The same week the Ikorodu bois got international recognition for their exceptionally brilliant remake of Chris Hemsworth’s movie trailer, Extraction, another group of Nigerians got disgraced for allegations of fraud by the Federal Bureau of Investigation (FBI). A moment to celebrate the ingenuity of Nigerian youth was dented by the corrupt practices of a few. With six of the FBI’s most wanted men of Nigerian descent, Nigerian internet fraudsters have carved out a niche for themselves and are renowned globally and locally for advanced fee, romance and business email compromise scams.
According to the FBI, victims of Internet fraud lost over $3.5 billion in 2019, up from $2.7 billion in 2018. The bulk of the victims of these schemes are over the age of 60 (FBI, 2019). Considering the widespread popularity of these scams, one is inclined to assume the bulk of the global and local population should be immune to falling victim. These scams, however, are still very effective because they play on people’s greed, desire to be the hero or desire to help someone else (CNBC, 2019). In 2019, ADT Security Services reported that the ‘Nigerian prince’ style scams still rake in $700,000 a year.
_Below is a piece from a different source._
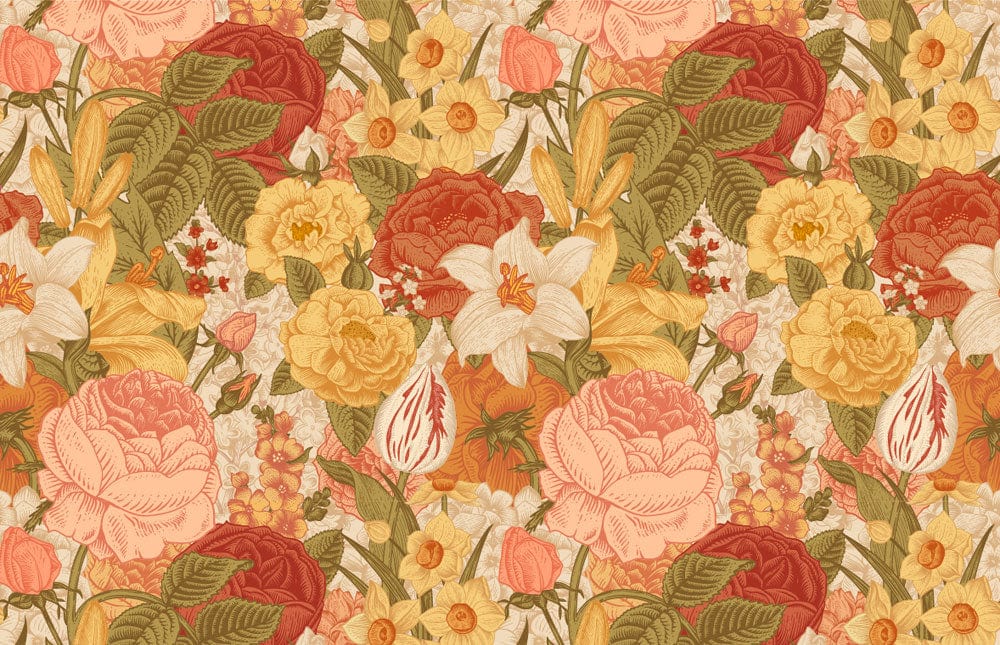 Wallpaper mural for room decor featuring flowers arranged in dense clusters.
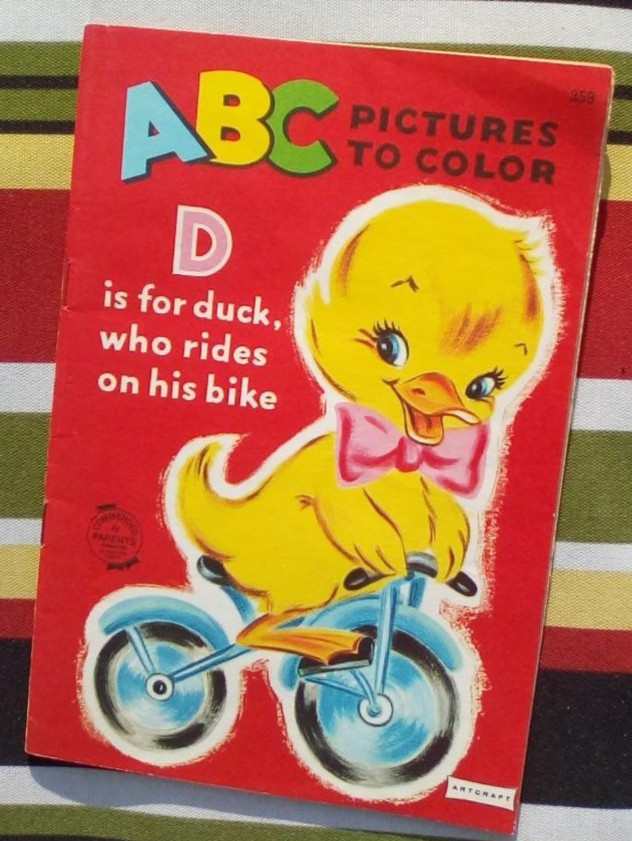 VTG SAALFIELD ARTCRAFT ABC PICTURES TO COLOR USA A BIG LITTLE COLORING BOOK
As long as these scams keep working, Nigerians will continue to use them.
Internet fraud has had profound negative effects on the reputation of Nigeria and Nigerians across the world. A range of companies do not ship products to Nigeria, payment platforms do not accept Nigerian cards and Nigerians earning a decent living abroad are constantly eyed with suspicion. Locally, the perpetuation of fraud has weakened the widespread adoption of digital payment alternatives.
Nigeria needs to solve its internet fraud problem, but the question remains, how?